Edit: The application is multithreaded. And functionalities like maximum size of cache, expiry time can be compromised. Also, Main motive is to increase read speed.


Solution 1:

If your application is multi-threaded and the cache is shared by the threads, then HashMap is not an option. It is not thread-safe, and if you guard it with locks, etc, the locking is liable to becomes a concurrency bottleneck.

If your application needs the cache to be LRU or have some other "smart" policy for deciding what to evict, then ConcurrentHashMap doesn't provide a good way to do that. If you want your cache to be sensitive to memory pressure (e.g. using weak referenced keys), then ConcurrentHashMap doesn't do that either.

That is where Guava Cache classes come in. Read this to get an idea of the functionality they provide.

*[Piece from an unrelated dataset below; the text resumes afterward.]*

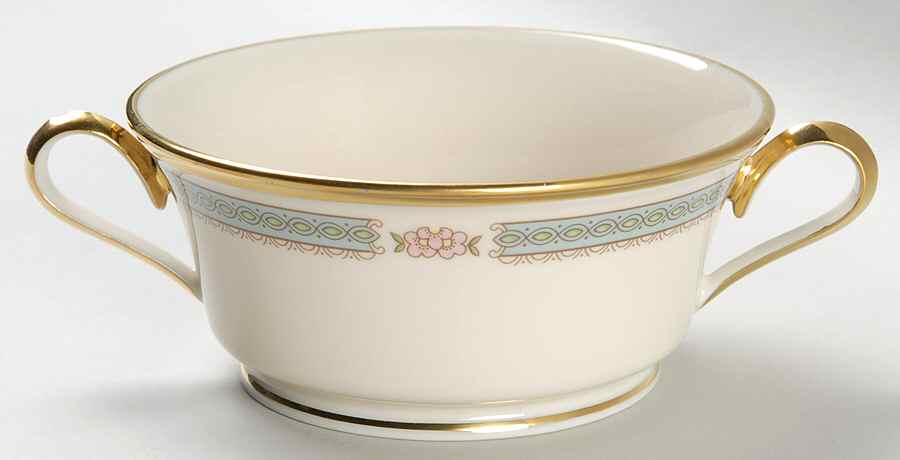 Morning Blossom Footed Cream Soup Bowl by Lenox-1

The bottom line is that while HashMap is most performant in a single-threaded benchmark, it probably doesn't provide all of the functionality that you need. Performance is not everything.

My advice would be to get the code working properly first ... then look at ways to optimize it. An ultra-fast cache implementation that breaks occasionally or fills up memory is not a good idea. And there is a good chance that the cache read / write performance won't be critical anyway.

Solution 2:

With respect to performance, it depends on the size of your data and the ratio of modifications in between reads. Here is a suggestion:

Static data: If your data is static, initialize a read only map in the constructor like so:

final Map map;
MyClass(Map inputMap) {
  map = Map.copyOf(inputMap);
}
Object get(Object key) {
  return map.get(key);
}

Rare modifications: If you have rare modifications and the data is not too big:

volatile Map map = Map.of();
Object synchronized put(Object key, Object value) {
  Map mutable = new HashMap(map);
  mutable.put(key, value);
  map = Map.copyOf(mutable);
}
Object get(Object key) {
  return map.get(key);
}

The Map.copyOf is available since Java 9. It creates an immutable hash table, that is using an open addressing scheme, unlike HashMap. That will be even faster than the HashMap. You can also use the HashMap with the scheme above in a multi threaded environment, since it is not modified once it was created.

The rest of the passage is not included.